__Assignment__
Each record that follows is to be duplicated exactly, though its pictures are not.

Image-text web data:
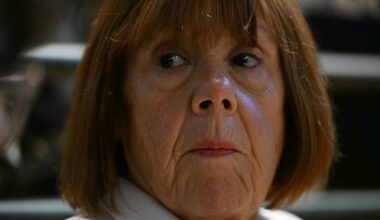 Vrouwenrechten hebben 'nog altijd geen prioriteit' jaar na uitspraak in verkrachtingszaak Frankrijk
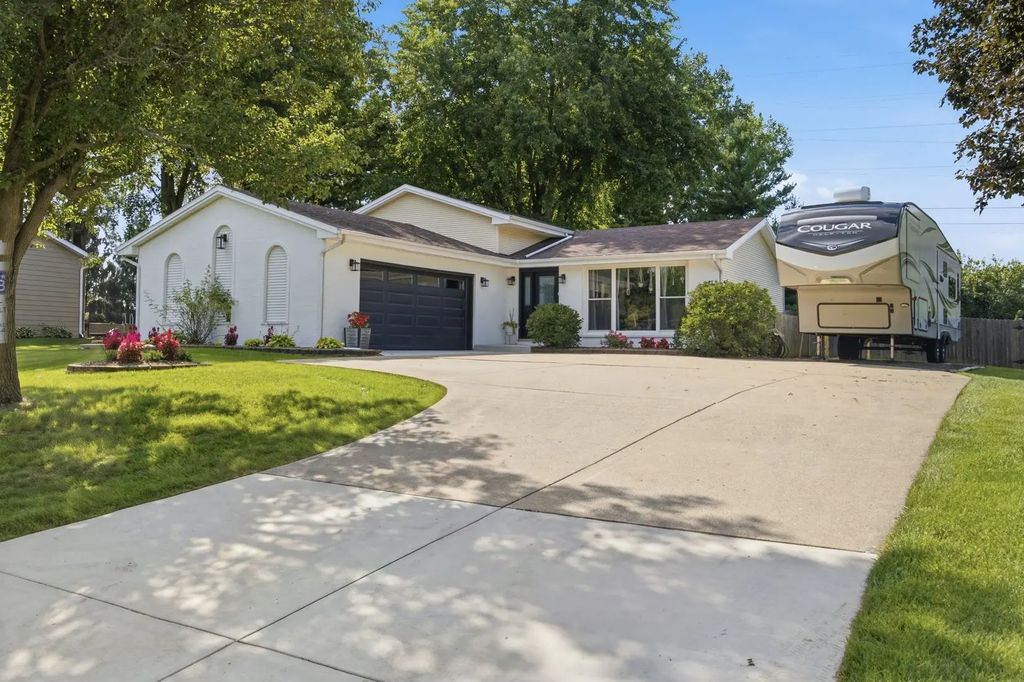 15162 S Thomas Court, Plainfield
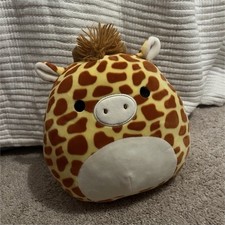 Original Squishmallows Gary Giraffe yellow and brown 10 inch. new. tag removed.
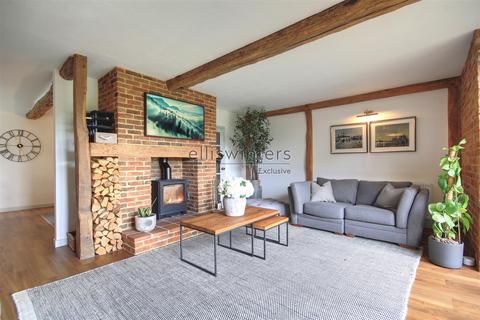 3 Barnfield, Hemingford Abbots, Huntingdon, PE28 9AX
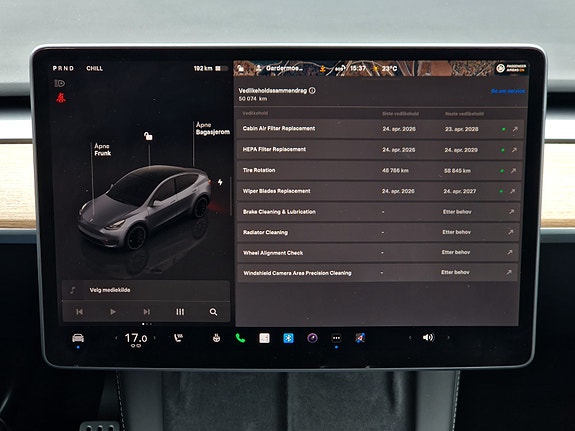Tesla Model Y 16 of 23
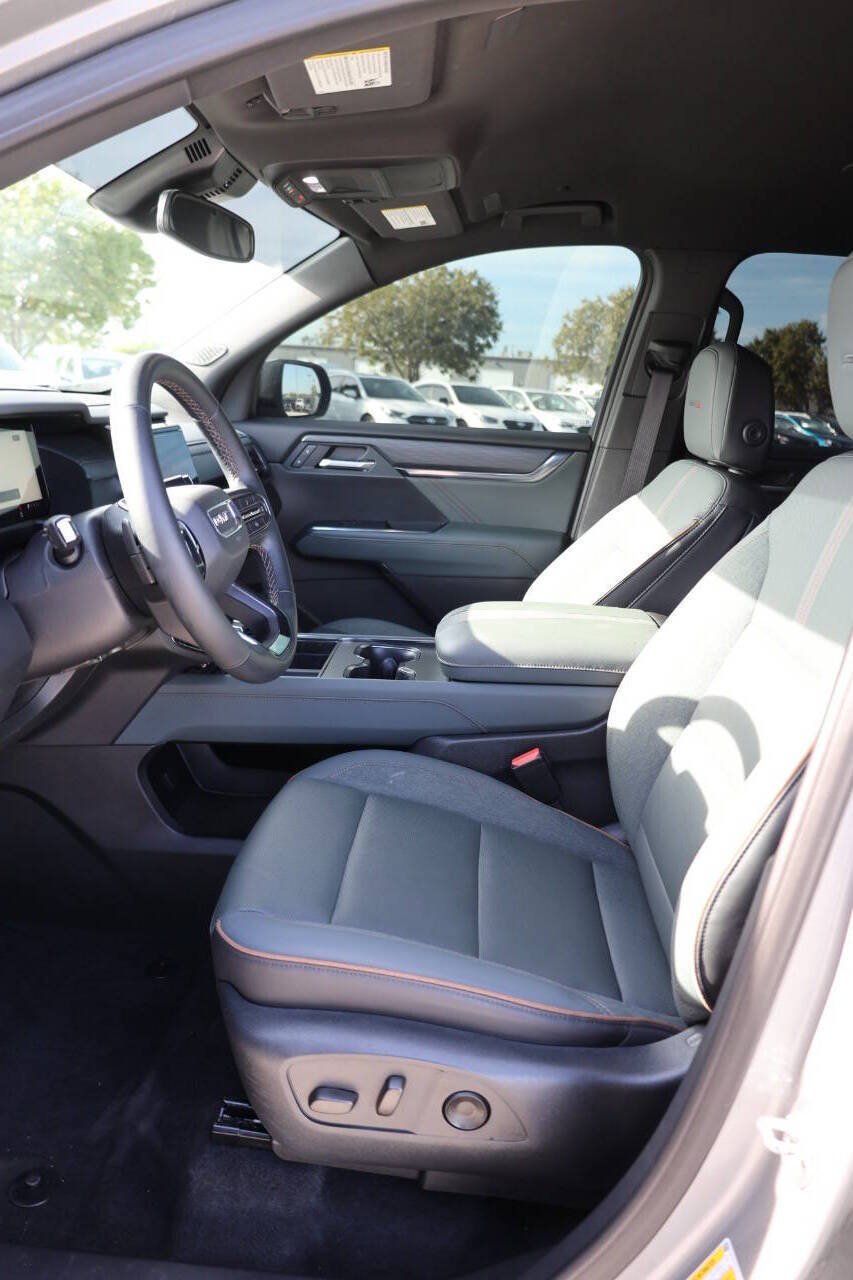 Used 2025 GMC Acadia AT4 AWD/4WD image 13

__Solution__
 Vrouwenrechten hebben 'nog altijd geen prioriteit' jaar na uitspraak in verkrachtingszaak Frankrijk
 15162 S Thomas Court, Plainfield
 Original Squishmallows Gary Giraffe yellow and brown 10 inch. new. tag removed.
 3 Barnfield, Hemingford Abbots, Huntingdon, PE28 9AX
Tesla Model Y 16 of 23
 Used 2025 GMC Acadia AT4 AWD/4WD image 13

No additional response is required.